I love that I can run huge amounts of data thru Alteryx. However, I also have to think about how much data I’m going to take from Alteryx and push to a BI application like Spotfire or PowerBI. As a general rule, less is more. Now, you may think you can’t do anything to reduce the size of your data set without cutting columns or rows, but that’s not true. Read on to learn two quick tricks to materially reduce the size of your data set.
Blog or Video?
If you prefer watching to reading, you can find this same content on my YouTube channel. If you like the content, spread it around for the rest of the world to learn from. Please subscribe and share!
For this post, we’ll work with a small set of tools, and I want you to pay particular attention to the size of the output. If you don’t see the size when running your own workflows, click on the canvas, go to the Canvas tab and choose Show from Connection Progress.
First, I use a Select tool to rename and change data types. 1.3 GB of data exit the tool. Then, I perform a calculation that increases the size of the data set from 1.3 GB to 1.5 GB. Next, let’s see what I do to cut that down.
Tip No 1 – Trimming
First, I use a Multi-Field Formula tool to efficiently trim away whitespace from text fields. I use the Multi-Field formula tool instead of a regular Formula tool because I can apply an expression to all of my Text fields. This tool allows me to select all Text fields (including Unknown fields) and then apply an expression with the Trim function. The Trim function removes whitespace from the start and end of the string.
I used to use the Data Cleansing tool for this purpose, but that tool is unreliable because you cannot select Dynamic or Unknown fields. Furthermore, if you rename fields, they are no longer selected in the Data Cleansing tool. I got so tired of going back to the Data Cleasing tool over and over to update it that I have stopped using it altogether. Anyway, trimming whitespace takes .1 GB off the size of my data set. That’s not a lot, but it’s something. Now, let’s take a look at what I do with the Auto Field tool.
Tip No 2 – Auto Field
The Auto Field tool is easily overlooked by new users, but it is incredibly helpful in several ways (and there will be future blog posts on it).

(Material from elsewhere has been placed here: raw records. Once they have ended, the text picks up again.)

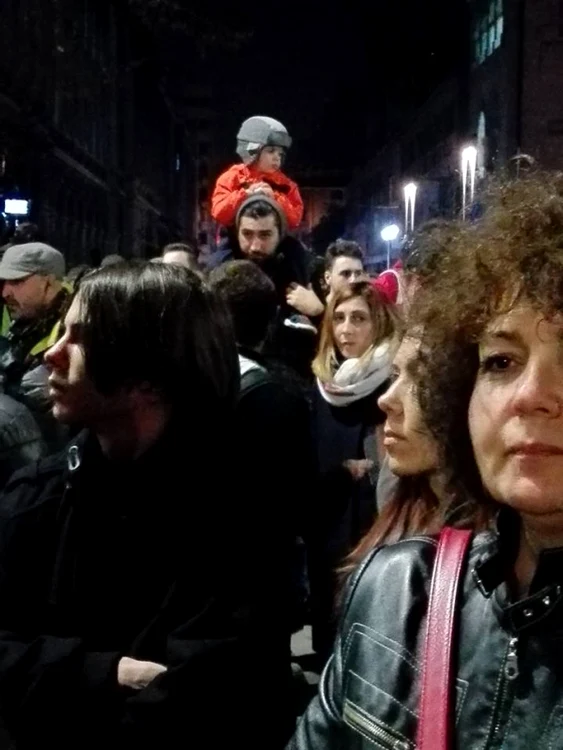 Copiii au fost la fel de vocali ca adulții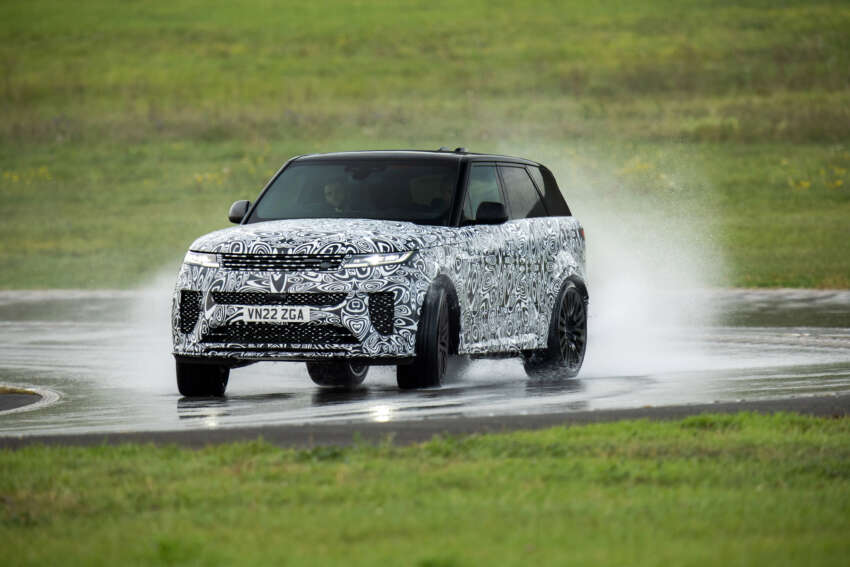 2023 Range Rover Sport SV debuts – 4.4L turbo V8; 635 PS, 750 Nm; 6D Dynamics hydraulics; BASS seats 1619896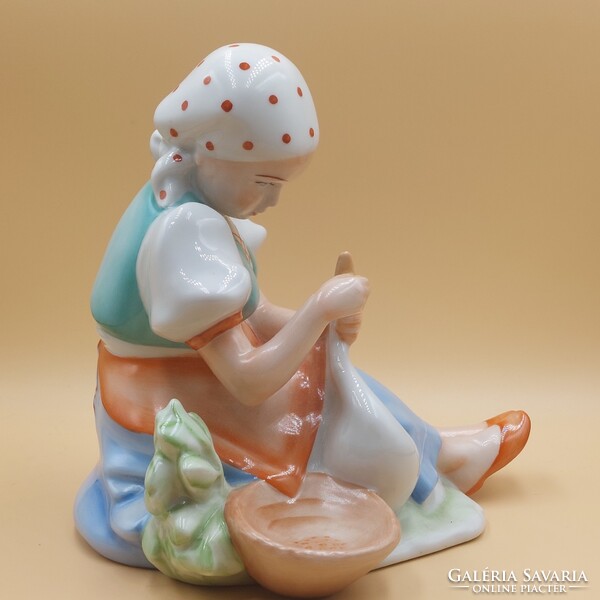 Sinkó András  Zsolnay  Libatömő lány figura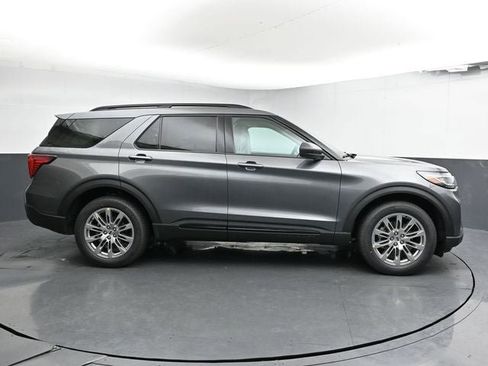 New 2026 Ford Explorer Active w/ Active Comfort Package image 13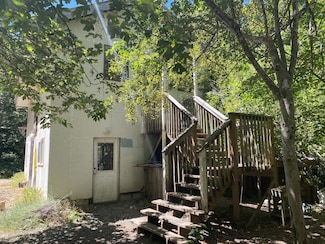 111 Cooper Ranch Rd, Weitchpec, CA 95546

This tool reads through all the records, and for a given column, it sets the field type to the smallest possible size relative to the data contained within the column.
You can see that 1.4 GB of data flows into the Auto Field tool, but only 936 MB of data flows out. The tool shaved off almost half a gig just by shortening the field size.
And, compare the field sizes in the first Select tool to another Select tool placed after the Auto Field tool. See how they have shrunk!
Lastly, I just want to note that I use trim and Auto Field at the start and end of all my workflows, since new columns are usually calculated during workflows that might not be included in this process at the start. Now, you know two ways to reduce the size of data sets in Alteryx!
Content created with Alteryx 2020.3.